DIRECTIONS => Begin the copy at the line containing "MJX Steering Tube (2Pcs)" in the data below and end it at the line containing "Top Wellness Holiday Gift Promo Slide", keeping each line exact and leaving out pictures.
BEGIN PROVIDED DATA
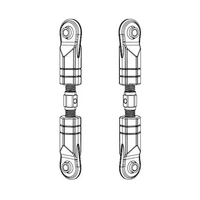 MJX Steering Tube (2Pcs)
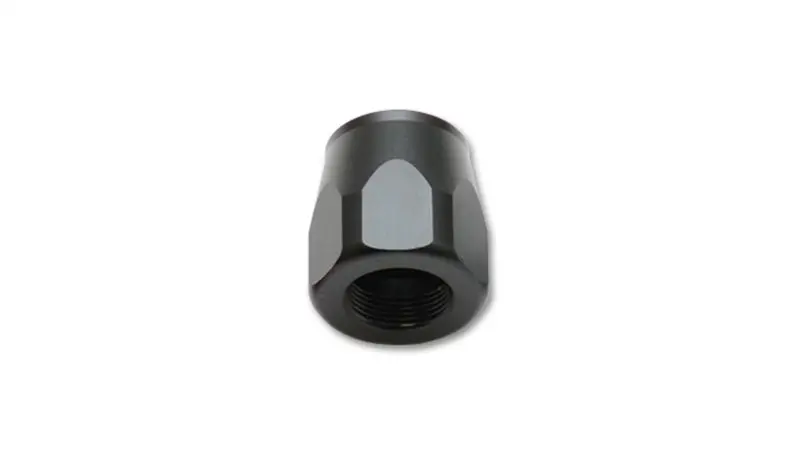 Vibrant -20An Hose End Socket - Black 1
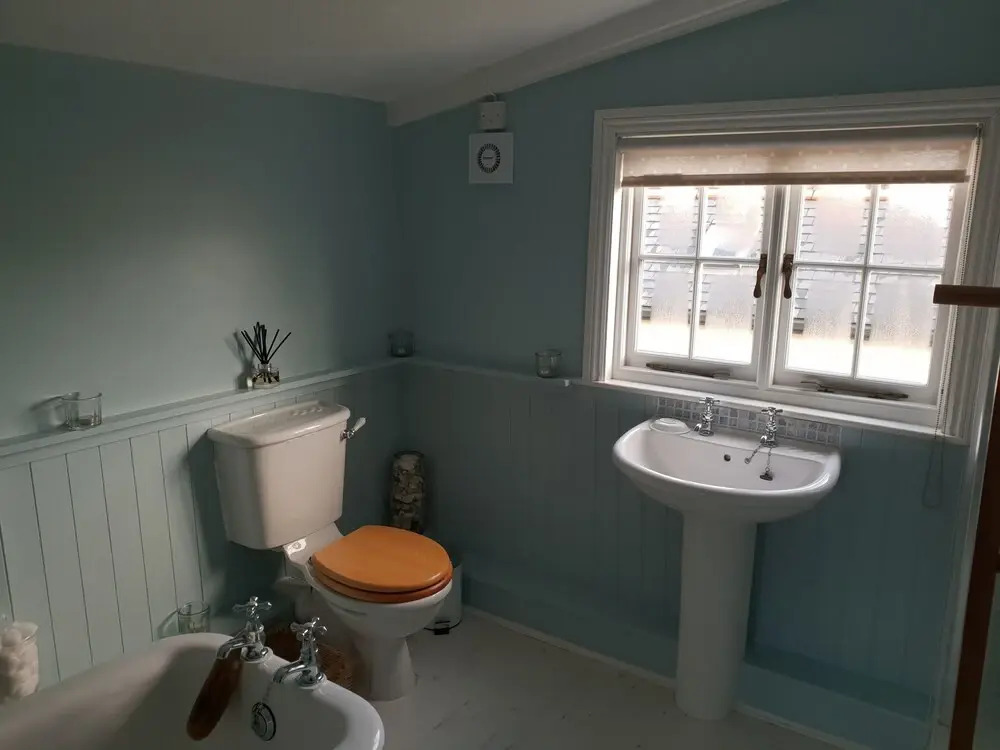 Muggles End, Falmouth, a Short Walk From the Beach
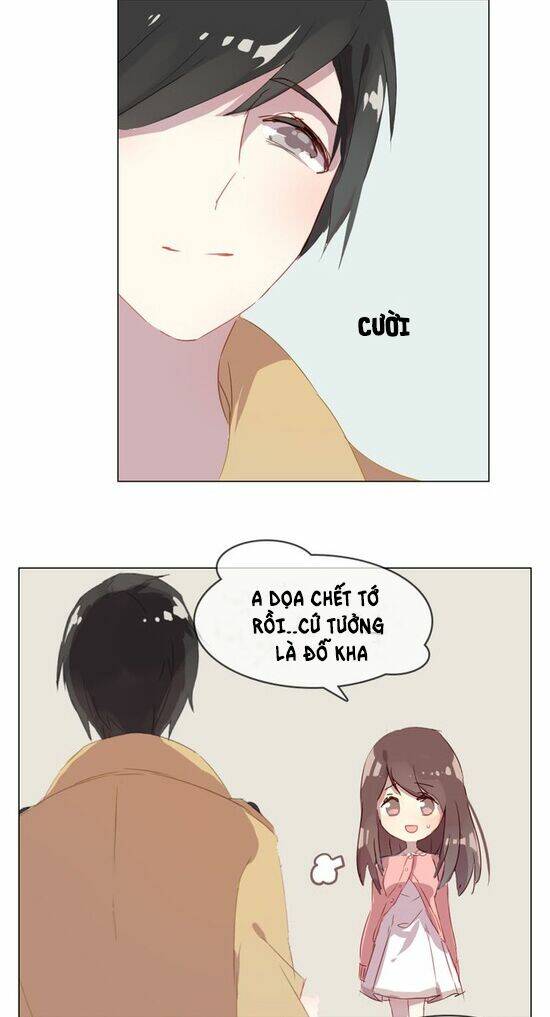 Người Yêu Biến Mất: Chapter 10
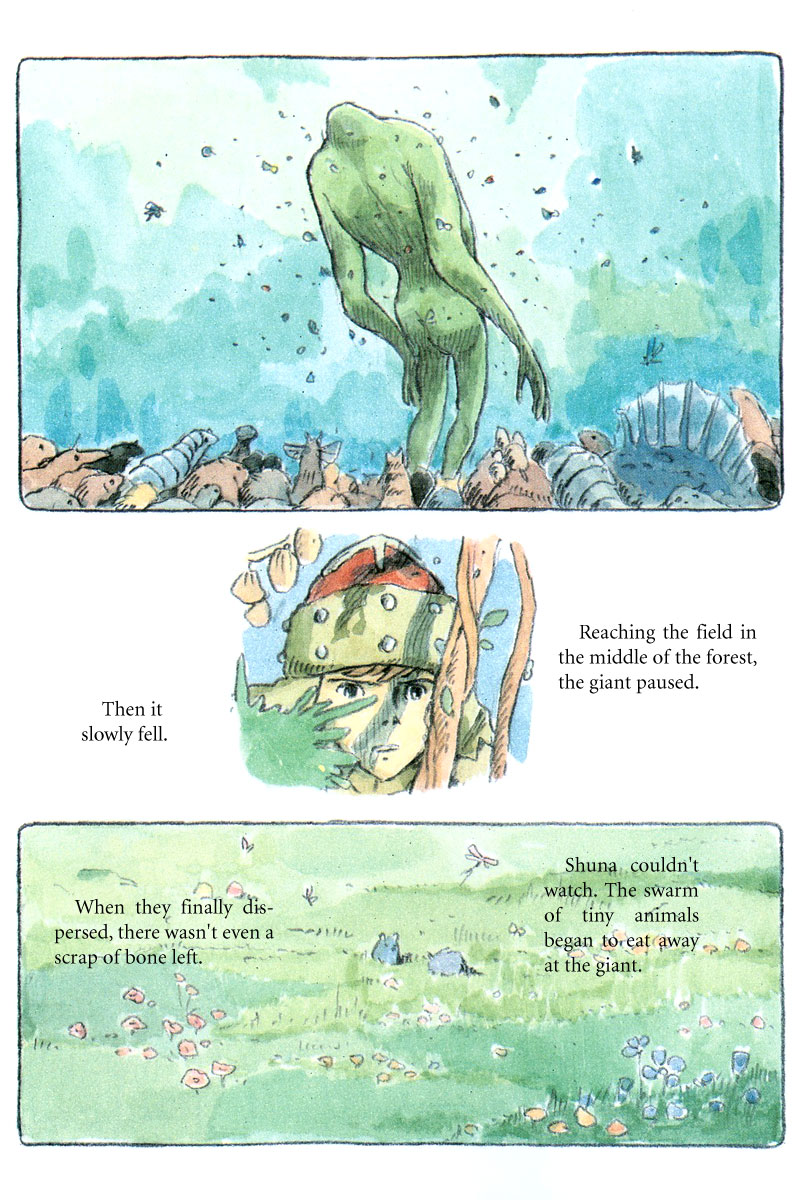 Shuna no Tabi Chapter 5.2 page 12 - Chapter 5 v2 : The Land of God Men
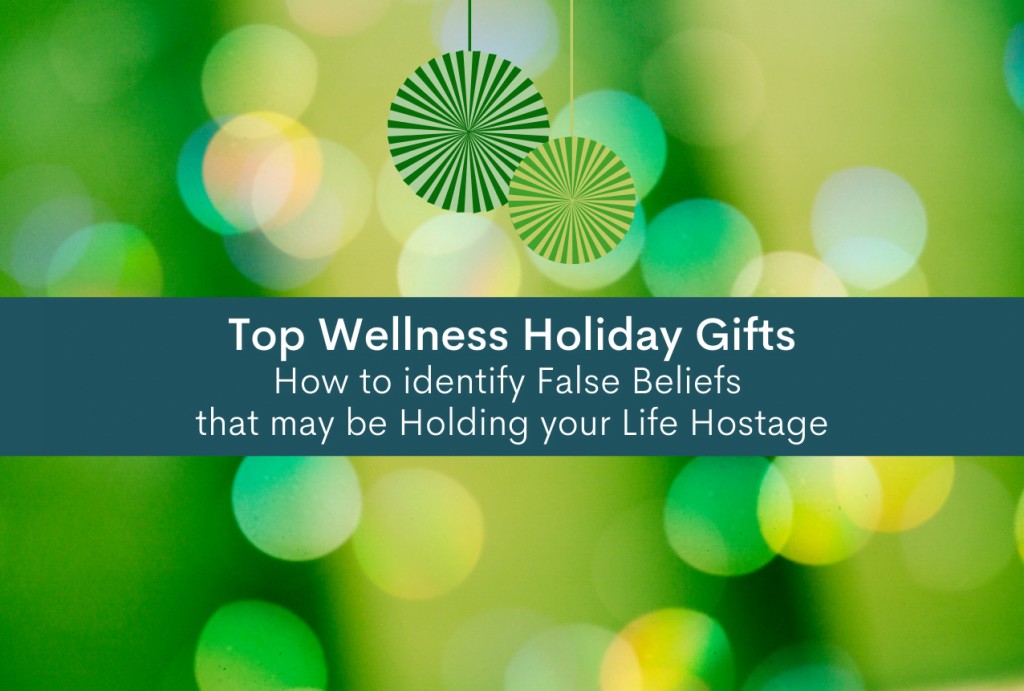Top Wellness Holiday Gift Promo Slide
END PROVIDED DATA
BEGIN PROVIDED DATA
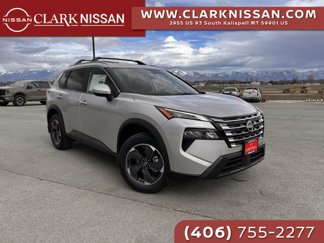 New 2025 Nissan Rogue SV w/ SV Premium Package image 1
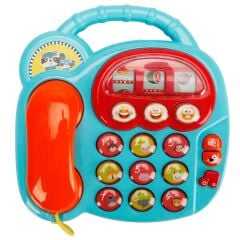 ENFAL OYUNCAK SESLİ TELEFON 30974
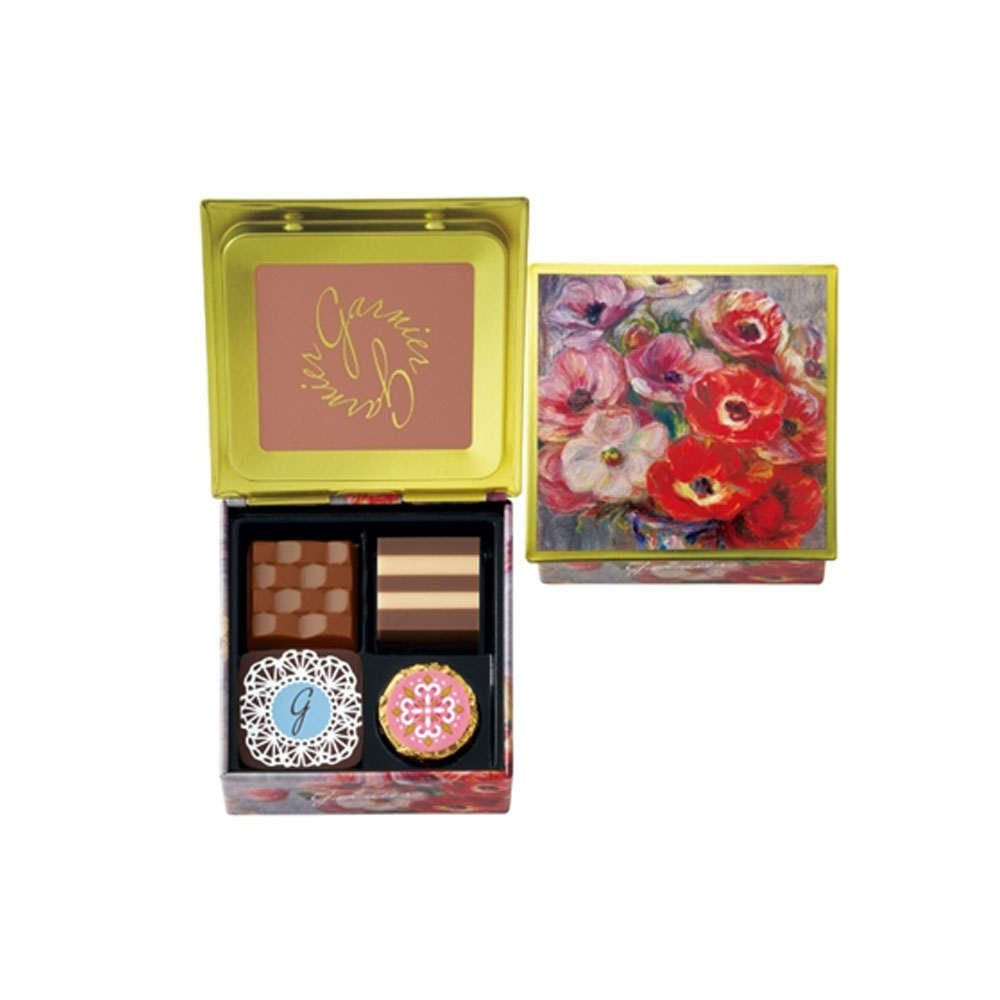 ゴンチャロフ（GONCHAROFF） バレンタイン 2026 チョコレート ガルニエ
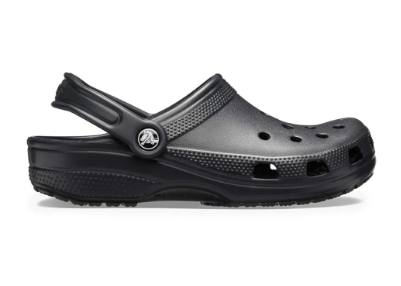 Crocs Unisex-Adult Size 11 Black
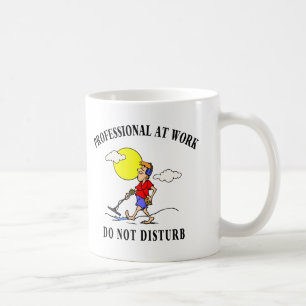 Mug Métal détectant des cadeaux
END PROVIDED DATA
BEGIN PROVIDED DATA
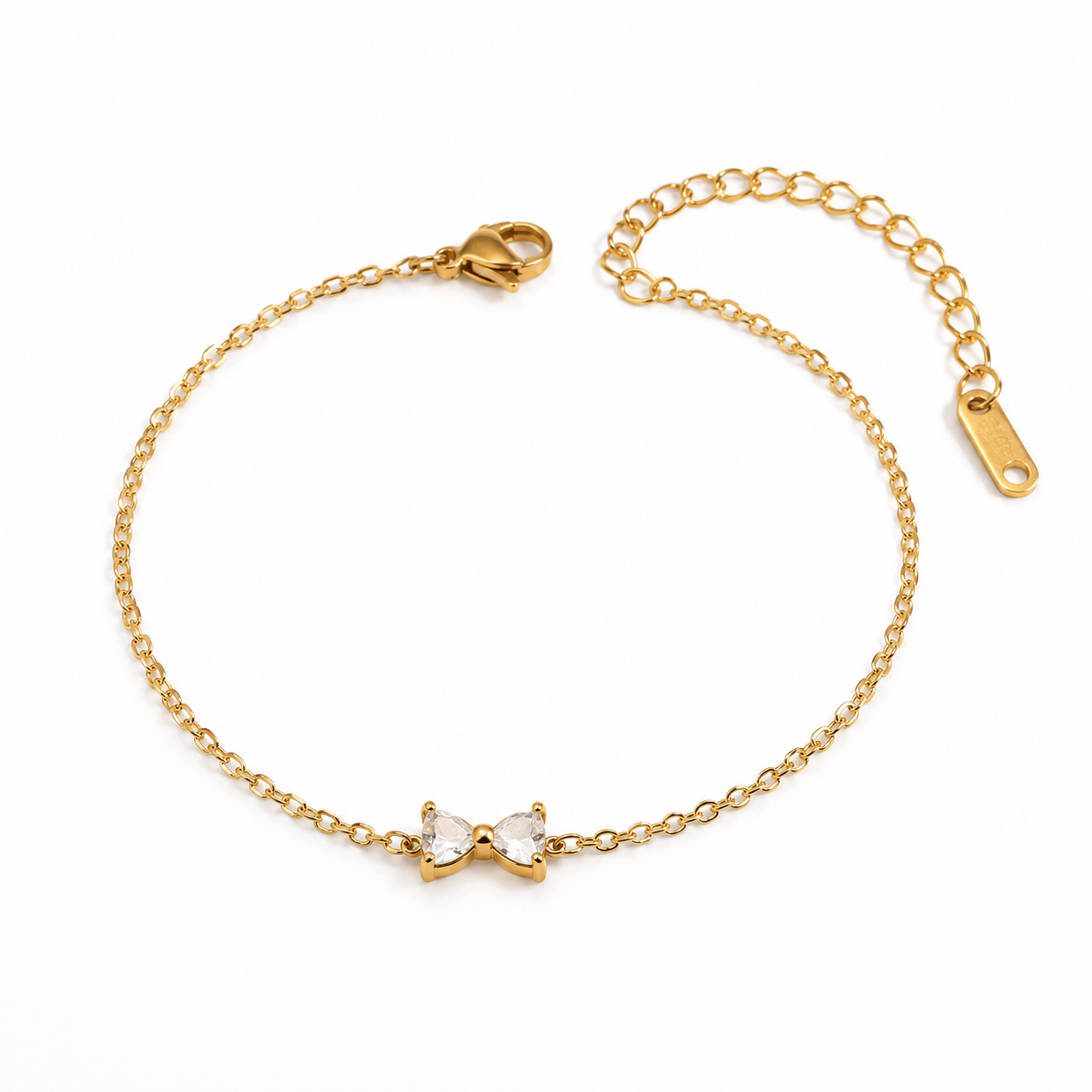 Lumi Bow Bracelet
END PROVIDED DATA
TASK OUTPUT =>
 MJX Steering Tube (2Pcs)
 Vibrant -20An Hose End Socket - Black 1
 Muggles End, Falmouth, a Short Walk From the Beach
 Người Yêu Biến Mất: Chapter 10
 Shuna no Tabi Chapter 5.2 page 12 - Chapter 5 v2 : The Land of God Men
Top Wellness Holiday Gift Promo Slide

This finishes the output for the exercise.